Instructions for the task:
Transcribe the entire listing exactly as it appears.

Excerpted data:
/---

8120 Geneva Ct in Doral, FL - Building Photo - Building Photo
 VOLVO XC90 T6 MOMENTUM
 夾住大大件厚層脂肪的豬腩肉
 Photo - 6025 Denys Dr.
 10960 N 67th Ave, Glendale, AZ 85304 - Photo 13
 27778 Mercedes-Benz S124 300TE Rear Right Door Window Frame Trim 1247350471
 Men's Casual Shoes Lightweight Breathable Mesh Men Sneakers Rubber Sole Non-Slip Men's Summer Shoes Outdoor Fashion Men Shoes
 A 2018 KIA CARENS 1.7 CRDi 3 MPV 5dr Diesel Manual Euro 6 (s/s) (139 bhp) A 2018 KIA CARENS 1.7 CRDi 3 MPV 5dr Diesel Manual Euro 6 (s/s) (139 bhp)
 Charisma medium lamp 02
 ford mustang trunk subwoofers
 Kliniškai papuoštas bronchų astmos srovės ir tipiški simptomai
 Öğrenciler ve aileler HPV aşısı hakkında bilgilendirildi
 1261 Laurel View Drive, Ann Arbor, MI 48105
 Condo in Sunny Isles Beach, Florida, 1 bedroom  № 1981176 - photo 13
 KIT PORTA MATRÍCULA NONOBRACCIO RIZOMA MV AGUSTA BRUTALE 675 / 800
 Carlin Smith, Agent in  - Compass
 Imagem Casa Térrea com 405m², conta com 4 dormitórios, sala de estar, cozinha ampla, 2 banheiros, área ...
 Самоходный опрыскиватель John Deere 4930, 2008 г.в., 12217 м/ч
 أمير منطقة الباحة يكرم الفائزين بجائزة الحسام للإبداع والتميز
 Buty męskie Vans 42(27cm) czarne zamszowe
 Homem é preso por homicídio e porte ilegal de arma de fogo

\---

Solution:
8120 Geneva Ct in Doral, FL - Building Photo - Building Photo
 VOLVO XC90 T6 MOMENTUM
 夾住大大件厚層脂肪的豬腩肉
 Photo - 6025 Denys Dr.
 10960 N 67th Ave, Glendale, AZ 85304 - Photo 13
 27778 Mercedes-Benz S124 300TE Rear Right Door Window Frame Trim 1247350471
 Men's Casual Shoes Lightweight Breathable Mesh Men Sneakers Rubber Sole Non-Slip Men's Summer Shoes Outdoor Fashion Men Shoes
 A 2018 KIA CARENS 1.7 CRDi 3 MPV 5dr Diesel Manual Euro 6 (s/s) (139 bhp) A 2018 KIA CARENS 1.7 CRDi 3 MPV 5dr Diesel Manual Euro 6 (s/s) (139 bhp)
 Charisma medium lamp 02
 ford mustang trunk subwoofers
 Kliniškai papuoštas bronchų astmos srovės ir tipiški simptomai
 Öğrenciler ve aileler HPV aşısı hakkında bilgilendirildi
 1261 Laurel View Drive, Ann Arbor, MI 48105
 Condo in Sunny Isles Beach, Florida, 1 bedroom  № 1981176 - photo 13
 KIT PORTA MATRÍCULA NONOBRACCIO RIZOMA MV AGUSTA BRUTALE 675 / 800
 Carlin Smith, Agent in  - Compass
 Imagem Casa Térrea com 405m², conta com 4 dormitórios, sala de estar, cozinha ampla, 2 banheiros, área ...
 Самоходный опрыскиватель John Deere 4930, 2008 г.в., 12217 м/ч
 أمير منطقة الباحة يكرم الفائزين بجائزة الحسام للإبداع والتميز
 Buty męskie Vans 42(27cm) czarne zamszowe
 Homem é preso por homicídio e porte ilegal de arma de fogo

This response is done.